The Art of Haggling

With the economy teetering on recession, there isn't much for consumers to celebrate these days. But like most dark clouds, this one has a silver lining. That's because when it comes to many discretionary items, it's a buyer's market. Still that doesn't mean retailers are giving things away. You need to know how to negotiate to get the best price. Kelli Grant, consumer reporter, offers some tips on the art of haggling.

First, envision the worst-case scenario. Everyone from big-box retailers to flea market sellers build extra profit into their prices to account for price drops, usually, sales. You have the right to ask for a better price. The worst they can say is "no." So, don't be afraid to ask.

Also, bring cash. When you use plastic, the issuer charges the seller a processing fee.

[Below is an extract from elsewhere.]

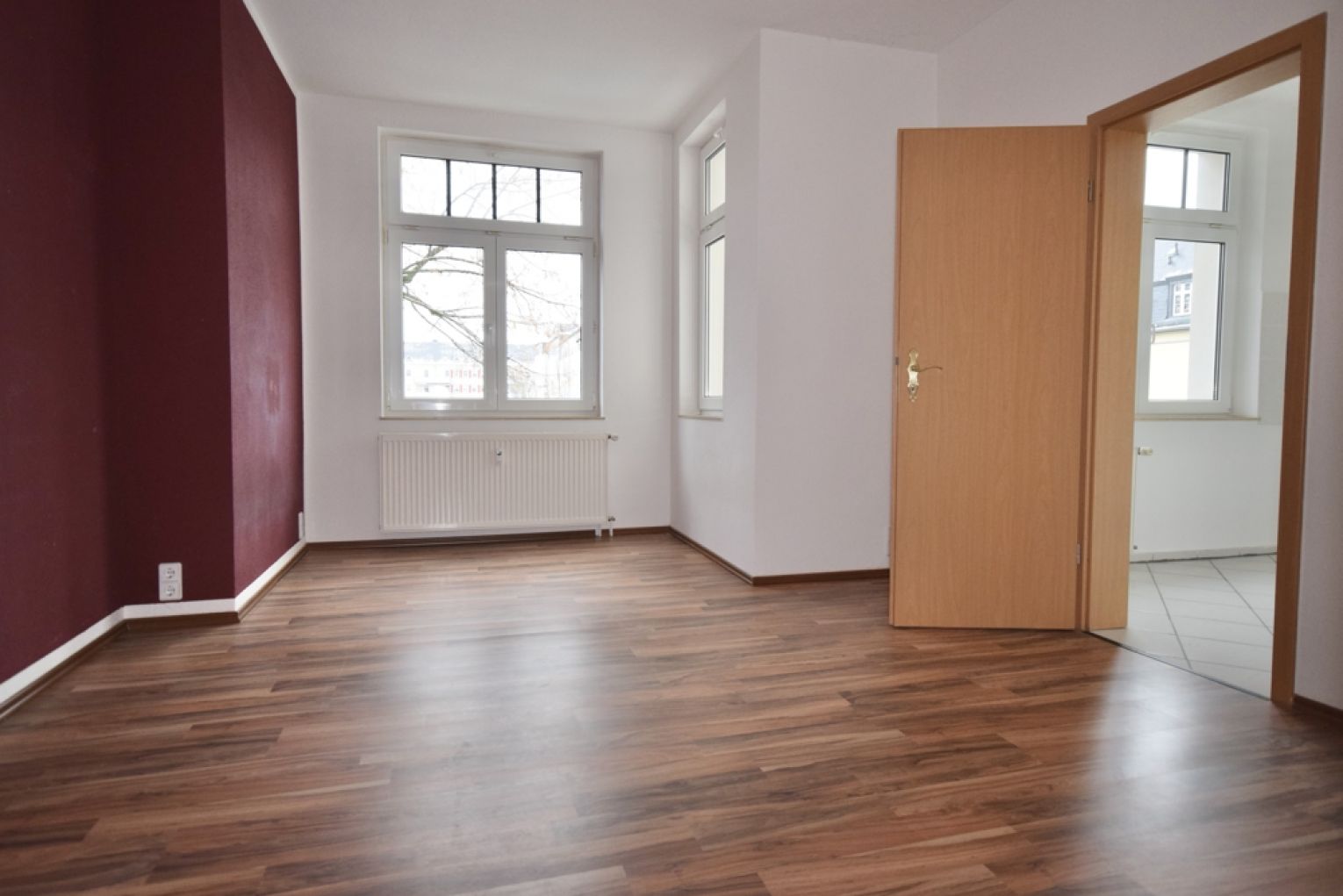 6-Zimmer • Balkon • 2 Bäder mit Wanne • Laminat • Einbauküche • Laminat • nicht warten!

So many stores and companies are willing to offer a discount of up to 20% if you pay with cash. Keep small bills on hand so you can say, "I'm willing to give you $45 for this" and flash the cash.

Be a smart shopper and check out competitors. Businesses would rather give a discount than lose you to a competitor. Most major retail stores have price-matching policies in place to meet or even beat others prices. Print out a few prices you find online, or simply say you've seen similar items cheaper elsewhere.

Don't hesitate to point out the flaws in items. Don't expect to pay full price for a lime green car, last season's sweater or a scratched armoire. Point out anything that makes the item less desirable to buyers, and you in particular. Employees may be willing to let the item go for less.

And finally, ask to speak to management. Whether you're negotiating a lower credit card rate or a better price on a sweater, ask politely to speak with a manager. They have more leeway to offer a discount. Try to catch them during off-peak hours, when they won't be too busy to help.